Thermal dynamics and electronic temperature waves in layered correlated materials
Giacomo Mazza, Marco Gandolfi, Massimo Capone, Francesco Banfi,, Claudio Giannetti

TL;DR
This paper investigates layered correlated materials as a platform for unconventional heat transfer, demonstrating the potential for electronic-origin wave-like temperature oscillations and tunable thermal regimes for nanoscale device applications.
Contribution
It reveals that layered strongly correlated materials can exhibit a wide range of heat transfer regimes, including wave-like temperature oscillations up to room temperature, controlled by electronic interactions.
Findings
Electronic heat transfer can be ballistic, hydrodynamic, or diffusive.
Wave-like temperature oscillations are predicted to occur at room temperature.

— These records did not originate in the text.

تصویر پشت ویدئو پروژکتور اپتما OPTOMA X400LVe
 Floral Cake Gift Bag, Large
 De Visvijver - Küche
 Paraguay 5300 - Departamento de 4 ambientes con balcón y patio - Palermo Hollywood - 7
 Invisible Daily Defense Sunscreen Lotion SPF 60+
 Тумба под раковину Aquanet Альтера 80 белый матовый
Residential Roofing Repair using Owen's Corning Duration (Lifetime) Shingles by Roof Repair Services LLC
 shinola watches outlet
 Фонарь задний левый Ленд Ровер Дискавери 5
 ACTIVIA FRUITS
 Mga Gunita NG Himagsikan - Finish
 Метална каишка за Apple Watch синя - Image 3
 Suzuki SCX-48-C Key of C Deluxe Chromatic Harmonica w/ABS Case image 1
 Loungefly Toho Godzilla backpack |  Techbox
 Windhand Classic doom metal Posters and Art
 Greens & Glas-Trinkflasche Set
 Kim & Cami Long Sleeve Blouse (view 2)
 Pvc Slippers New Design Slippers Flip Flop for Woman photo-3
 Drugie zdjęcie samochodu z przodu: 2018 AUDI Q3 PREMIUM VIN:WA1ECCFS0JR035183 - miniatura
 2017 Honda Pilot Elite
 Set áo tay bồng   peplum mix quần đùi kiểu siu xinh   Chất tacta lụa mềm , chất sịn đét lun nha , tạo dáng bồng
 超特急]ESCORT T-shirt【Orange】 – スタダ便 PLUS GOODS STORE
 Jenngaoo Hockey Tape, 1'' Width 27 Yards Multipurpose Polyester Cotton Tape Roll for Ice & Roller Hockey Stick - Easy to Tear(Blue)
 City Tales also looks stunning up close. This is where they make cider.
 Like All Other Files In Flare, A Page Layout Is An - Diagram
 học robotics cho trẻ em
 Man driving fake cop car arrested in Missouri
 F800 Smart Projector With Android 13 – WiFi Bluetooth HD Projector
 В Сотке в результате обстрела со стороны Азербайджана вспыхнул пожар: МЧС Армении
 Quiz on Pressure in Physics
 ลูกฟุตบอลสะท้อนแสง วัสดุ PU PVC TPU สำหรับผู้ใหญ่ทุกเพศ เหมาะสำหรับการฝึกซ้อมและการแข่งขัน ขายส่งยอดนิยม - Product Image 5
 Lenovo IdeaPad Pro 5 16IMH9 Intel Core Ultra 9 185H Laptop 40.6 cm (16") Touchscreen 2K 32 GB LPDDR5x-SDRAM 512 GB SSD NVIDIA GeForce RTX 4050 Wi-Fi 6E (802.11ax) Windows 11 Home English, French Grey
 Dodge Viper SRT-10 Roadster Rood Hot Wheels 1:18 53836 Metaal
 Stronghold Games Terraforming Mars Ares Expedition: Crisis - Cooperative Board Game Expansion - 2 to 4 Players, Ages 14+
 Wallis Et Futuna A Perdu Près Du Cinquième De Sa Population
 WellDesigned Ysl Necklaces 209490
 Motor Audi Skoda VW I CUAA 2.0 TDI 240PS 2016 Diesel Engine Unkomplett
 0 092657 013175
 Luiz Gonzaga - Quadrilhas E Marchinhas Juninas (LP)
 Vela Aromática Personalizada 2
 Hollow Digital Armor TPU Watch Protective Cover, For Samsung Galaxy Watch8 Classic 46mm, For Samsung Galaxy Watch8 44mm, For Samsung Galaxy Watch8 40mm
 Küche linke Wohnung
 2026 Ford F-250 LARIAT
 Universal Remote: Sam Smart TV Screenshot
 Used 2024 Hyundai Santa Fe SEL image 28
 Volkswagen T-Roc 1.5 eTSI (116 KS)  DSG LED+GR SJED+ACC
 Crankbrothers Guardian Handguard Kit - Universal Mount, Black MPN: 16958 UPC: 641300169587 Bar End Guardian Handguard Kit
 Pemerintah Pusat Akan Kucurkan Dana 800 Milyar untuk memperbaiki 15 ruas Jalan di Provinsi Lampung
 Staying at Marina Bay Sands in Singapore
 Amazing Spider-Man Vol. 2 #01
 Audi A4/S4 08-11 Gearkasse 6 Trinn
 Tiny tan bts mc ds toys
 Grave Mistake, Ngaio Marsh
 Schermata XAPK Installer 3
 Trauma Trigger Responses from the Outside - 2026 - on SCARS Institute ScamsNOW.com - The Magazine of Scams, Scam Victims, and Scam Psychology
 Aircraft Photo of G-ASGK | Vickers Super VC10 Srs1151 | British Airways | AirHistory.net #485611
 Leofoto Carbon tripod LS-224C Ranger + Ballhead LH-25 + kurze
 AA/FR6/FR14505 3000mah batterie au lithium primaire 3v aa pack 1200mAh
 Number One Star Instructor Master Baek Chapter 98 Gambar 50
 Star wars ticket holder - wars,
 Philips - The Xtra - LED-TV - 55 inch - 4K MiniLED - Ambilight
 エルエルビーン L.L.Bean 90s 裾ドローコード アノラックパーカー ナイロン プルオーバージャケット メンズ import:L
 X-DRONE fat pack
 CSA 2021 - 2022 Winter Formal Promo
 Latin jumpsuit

Interaction strength controls the thermal transport regime.
Abstract
We explore layered strongly correlated materials as a platform to identify and control unconventional heat transfer phenomena. We demonstrate that these systems can be tailored to sustain a wide spectrum of heat transport regimes, ranging from ballistic, to hydrodynamic all the way to diffusive. Within the hydrodynamic regime, wave-like temperature oscillations are predicted up to room temperature. All the above phenomena have a purely electronic origin, stemming from the existence of two components in the electronic system, each one thermalized at different temperatures. The interaction strength can be exploited as a knob to control the different thermal transport regimes. The present results pave the way to transition-metal oxide heterostructures as building blocks for nanodevices exploiting the wave-like nature of heat transfer on the picosecond time scale.